We all know the impact that wasting paper has on the environment and our rainforests across the world, with trees being chopped down faster than they can be planted and grow – in February this year, reports came in from Greenpeace that ancient forest areas three times bigger than Paris were being systematically destroyed to make paper, in a time period of less than a year! We all hear the phrases, “do your bit to save the trees” and “going green”, bandied around but do any of us truly think about how our individual efforts work together to form a bigger picture in helping the save the rainforests?
Did you know…?
- The city of Paris covers 40.7 sq miles – multiply that by 3 and that’s a coverage of 122.1 sq miles. If only an area of 4 sq miles of rainforest holds 1,500 flowering plants, 400 species of birds, 150 species of butterfly and 750 species of tree, think how many of these will be demolished or forced to move if an area three times bigger than Paris is destroyed – that would be 45,750 flowering plants, 12,200 species of bird, 4,575 species of butterfly and 22,875 species of tree!
- In a 12 year gap between 2000-2013, 2.3 million square kilometres of forests around the world were cut down. That’s roughly the size of all of the states in the U.S. east of the Mississippi River. Working with our numbers as above, that means that 862500000 flowering plants, 230000000 species of bird, 86250000 species of butterfly and 431250000 species of tree were destroyed or forced to relocate in those years!

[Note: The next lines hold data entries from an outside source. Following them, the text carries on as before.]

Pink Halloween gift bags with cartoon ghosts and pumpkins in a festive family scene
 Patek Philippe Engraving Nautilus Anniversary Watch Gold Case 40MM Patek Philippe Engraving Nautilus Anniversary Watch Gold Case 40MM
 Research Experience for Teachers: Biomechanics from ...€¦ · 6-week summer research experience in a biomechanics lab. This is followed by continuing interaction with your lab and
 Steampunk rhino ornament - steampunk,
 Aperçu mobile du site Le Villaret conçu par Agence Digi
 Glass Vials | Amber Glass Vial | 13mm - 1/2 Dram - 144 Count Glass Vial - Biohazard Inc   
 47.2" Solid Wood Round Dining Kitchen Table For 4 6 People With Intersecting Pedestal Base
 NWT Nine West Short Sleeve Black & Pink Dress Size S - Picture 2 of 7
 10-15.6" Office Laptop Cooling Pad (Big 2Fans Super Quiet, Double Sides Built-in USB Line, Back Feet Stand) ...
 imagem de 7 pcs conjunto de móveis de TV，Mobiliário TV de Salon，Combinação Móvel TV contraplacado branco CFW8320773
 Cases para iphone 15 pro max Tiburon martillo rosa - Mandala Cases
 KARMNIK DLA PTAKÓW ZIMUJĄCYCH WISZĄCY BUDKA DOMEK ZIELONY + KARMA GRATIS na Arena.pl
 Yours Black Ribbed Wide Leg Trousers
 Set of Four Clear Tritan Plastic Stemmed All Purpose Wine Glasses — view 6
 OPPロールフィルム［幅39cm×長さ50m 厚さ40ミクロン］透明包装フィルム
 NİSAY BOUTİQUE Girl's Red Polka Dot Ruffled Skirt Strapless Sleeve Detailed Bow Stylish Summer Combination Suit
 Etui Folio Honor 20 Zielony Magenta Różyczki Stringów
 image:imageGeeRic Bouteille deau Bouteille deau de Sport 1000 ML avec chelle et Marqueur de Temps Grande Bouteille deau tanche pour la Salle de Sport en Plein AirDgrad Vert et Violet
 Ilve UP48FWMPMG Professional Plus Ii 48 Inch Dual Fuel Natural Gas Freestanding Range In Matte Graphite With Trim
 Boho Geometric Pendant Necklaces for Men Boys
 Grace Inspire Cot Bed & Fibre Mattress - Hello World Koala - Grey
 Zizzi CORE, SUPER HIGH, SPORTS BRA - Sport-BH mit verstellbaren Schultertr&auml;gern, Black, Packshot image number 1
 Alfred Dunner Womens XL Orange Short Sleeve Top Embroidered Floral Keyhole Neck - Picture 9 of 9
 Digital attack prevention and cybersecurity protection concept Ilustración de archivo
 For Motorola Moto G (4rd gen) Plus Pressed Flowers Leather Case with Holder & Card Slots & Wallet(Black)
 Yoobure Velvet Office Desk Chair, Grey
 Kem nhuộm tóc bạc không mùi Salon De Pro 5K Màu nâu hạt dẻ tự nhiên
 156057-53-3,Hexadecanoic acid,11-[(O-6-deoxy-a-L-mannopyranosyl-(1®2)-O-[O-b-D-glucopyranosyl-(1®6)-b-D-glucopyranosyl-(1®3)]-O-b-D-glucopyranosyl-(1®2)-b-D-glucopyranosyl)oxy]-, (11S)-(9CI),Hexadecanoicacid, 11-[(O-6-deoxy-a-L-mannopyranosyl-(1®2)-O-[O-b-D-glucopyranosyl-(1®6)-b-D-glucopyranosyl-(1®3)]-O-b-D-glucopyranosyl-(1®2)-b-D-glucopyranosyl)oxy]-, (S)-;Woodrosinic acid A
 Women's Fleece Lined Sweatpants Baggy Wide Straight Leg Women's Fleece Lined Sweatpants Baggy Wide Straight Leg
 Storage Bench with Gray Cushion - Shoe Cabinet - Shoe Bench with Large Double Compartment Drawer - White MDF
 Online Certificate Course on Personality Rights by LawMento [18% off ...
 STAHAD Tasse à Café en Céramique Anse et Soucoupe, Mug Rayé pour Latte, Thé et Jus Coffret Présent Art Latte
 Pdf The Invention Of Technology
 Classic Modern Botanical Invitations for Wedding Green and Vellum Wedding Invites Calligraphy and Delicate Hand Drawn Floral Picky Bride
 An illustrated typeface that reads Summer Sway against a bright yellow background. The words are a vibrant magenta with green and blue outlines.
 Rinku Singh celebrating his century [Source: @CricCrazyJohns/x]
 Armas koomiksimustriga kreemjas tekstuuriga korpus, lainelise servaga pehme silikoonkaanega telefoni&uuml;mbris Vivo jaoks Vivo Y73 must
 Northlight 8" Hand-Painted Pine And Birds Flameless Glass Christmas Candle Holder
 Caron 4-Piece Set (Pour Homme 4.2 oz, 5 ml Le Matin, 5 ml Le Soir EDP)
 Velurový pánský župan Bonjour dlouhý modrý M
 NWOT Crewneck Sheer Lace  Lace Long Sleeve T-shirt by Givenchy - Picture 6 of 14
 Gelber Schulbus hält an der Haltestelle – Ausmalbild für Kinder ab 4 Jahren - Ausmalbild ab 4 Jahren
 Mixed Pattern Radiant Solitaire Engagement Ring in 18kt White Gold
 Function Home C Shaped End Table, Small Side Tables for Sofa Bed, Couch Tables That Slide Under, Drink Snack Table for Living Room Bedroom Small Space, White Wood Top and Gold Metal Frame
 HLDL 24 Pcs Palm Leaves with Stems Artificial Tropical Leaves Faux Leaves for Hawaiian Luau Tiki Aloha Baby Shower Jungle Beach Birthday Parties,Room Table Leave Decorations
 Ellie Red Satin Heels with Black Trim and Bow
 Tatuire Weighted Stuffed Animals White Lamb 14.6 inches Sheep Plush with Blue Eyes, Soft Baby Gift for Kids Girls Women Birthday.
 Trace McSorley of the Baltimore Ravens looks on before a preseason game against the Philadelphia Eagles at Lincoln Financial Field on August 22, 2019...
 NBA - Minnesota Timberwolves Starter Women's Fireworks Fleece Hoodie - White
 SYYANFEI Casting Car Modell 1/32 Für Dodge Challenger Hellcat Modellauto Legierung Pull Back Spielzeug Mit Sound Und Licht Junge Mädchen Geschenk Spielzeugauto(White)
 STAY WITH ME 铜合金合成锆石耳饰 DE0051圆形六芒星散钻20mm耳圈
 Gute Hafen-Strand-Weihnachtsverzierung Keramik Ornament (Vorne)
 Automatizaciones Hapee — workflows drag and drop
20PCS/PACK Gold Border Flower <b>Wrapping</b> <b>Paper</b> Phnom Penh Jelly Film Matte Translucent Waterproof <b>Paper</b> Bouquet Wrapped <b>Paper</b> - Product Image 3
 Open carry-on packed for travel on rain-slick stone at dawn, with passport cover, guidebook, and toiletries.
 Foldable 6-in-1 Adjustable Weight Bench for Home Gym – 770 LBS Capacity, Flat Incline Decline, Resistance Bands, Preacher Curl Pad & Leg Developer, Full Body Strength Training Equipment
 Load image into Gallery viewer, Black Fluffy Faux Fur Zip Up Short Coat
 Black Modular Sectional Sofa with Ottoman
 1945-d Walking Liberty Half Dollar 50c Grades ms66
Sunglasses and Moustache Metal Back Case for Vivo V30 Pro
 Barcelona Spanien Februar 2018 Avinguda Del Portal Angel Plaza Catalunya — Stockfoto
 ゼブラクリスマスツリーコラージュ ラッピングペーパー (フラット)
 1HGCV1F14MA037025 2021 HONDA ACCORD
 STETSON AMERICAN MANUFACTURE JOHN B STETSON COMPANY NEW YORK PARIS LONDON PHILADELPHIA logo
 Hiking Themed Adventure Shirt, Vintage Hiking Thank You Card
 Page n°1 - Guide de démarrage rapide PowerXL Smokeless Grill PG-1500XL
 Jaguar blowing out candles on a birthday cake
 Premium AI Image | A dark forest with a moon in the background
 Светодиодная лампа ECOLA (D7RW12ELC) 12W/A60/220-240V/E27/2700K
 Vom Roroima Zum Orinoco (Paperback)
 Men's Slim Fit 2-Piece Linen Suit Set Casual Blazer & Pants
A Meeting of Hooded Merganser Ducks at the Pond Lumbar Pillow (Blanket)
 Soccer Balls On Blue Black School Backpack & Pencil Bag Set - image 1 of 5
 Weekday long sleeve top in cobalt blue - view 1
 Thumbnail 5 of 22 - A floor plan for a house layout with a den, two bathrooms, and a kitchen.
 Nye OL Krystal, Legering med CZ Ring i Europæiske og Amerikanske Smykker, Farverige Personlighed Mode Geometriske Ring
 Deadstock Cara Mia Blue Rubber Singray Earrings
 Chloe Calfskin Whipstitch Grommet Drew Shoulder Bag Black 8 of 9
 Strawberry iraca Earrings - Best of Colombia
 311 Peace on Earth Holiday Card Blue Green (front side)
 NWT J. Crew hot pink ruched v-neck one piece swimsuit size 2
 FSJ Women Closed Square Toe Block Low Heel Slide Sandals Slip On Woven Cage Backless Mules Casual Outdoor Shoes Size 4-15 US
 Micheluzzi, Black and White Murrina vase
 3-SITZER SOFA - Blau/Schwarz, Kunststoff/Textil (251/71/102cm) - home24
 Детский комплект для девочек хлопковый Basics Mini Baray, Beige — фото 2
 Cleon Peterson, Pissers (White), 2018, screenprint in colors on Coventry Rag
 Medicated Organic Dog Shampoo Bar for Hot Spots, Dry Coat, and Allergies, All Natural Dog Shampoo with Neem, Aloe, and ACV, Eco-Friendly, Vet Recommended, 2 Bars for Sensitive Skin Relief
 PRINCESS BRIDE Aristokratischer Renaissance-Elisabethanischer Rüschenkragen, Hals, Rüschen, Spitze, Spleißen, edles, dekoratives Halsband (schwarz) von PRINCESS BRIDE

- Many plants identified as being useful in cancer treatments live in the rainforests, including Rosy periwinkle (used in treating childhood leukaemia and Hodgkins’ Disease), berries of the Blushwood tree (compounds of which are used experimentally to destroy cancerous tumours and melanomas) and Cat’s Claw (currently being used in trials for cancer and AIDS)
- There are over 1.2 billion people living in poverty across the world, and 90% of these depend on the rainforests for their livelihoods
- Rainforests are found on every continent except Antarctica, and act as the thermostat of the world, regulating temperatures and weather patterns.
So what can we all really do to help cut down the need for paper and the resulting destruction of the rainforests?
Save paper. Everyone says it but who really does it. It’s much easier to throw waste paper in the bin than keep it hanging around the office to reuse – and for client documents, it’s not like you can reuse paper that has incorrect or old data on the back. Understandable, but this kind of scrap paper can be used for keeping to-do lists and notes – no need to then go and buy a To-Do notebook or telephone message pad!
Work electronically. Email documents rather than print them, and work from computer screens in meetings unless absolutely crucial that documents are given in printed form. After all – we create and edit our documents electronically now the majority of the time, so the final stage of keeping them and displaying them electronically shouldn’t be too far a leap!
Buy environmentally friendly paper. If you do need to print documents, try to use recycled paper that does not contribute to rainforest destruction. Examples including Banana, Hemp & Tree-Free paper. This may cost a little more than “normal” paper, but make sure you limit use so documents are only printed when absolutely necessary.
Think outside the office. No need to leave your good habits at the office door. Invest in recycled toilet paper and kitchen roll and suggest that everyone take their paper-saving skills home to keep up the good work out of hours.
If nothing else, think about the environmental aspects of using a lot of ink on a daily basis. Not only is it toxic (though we would hope nobody in your office is licking it), the amounts of heavy metals, non-renewable oils and volatile organic compounds found in ink have led to the formation of regulatory bodies concerned with standards in ink production, with vegetable oils now being introduced as an alternative to petroleum oils. The oil content of one sheet-fed litho page makes up around 35% of the total amount of ink on the page – that’s a lot of oil, especially on large documents! For a page using coldest web offset ink that does not use heat to dry, this rises to approx. 75%!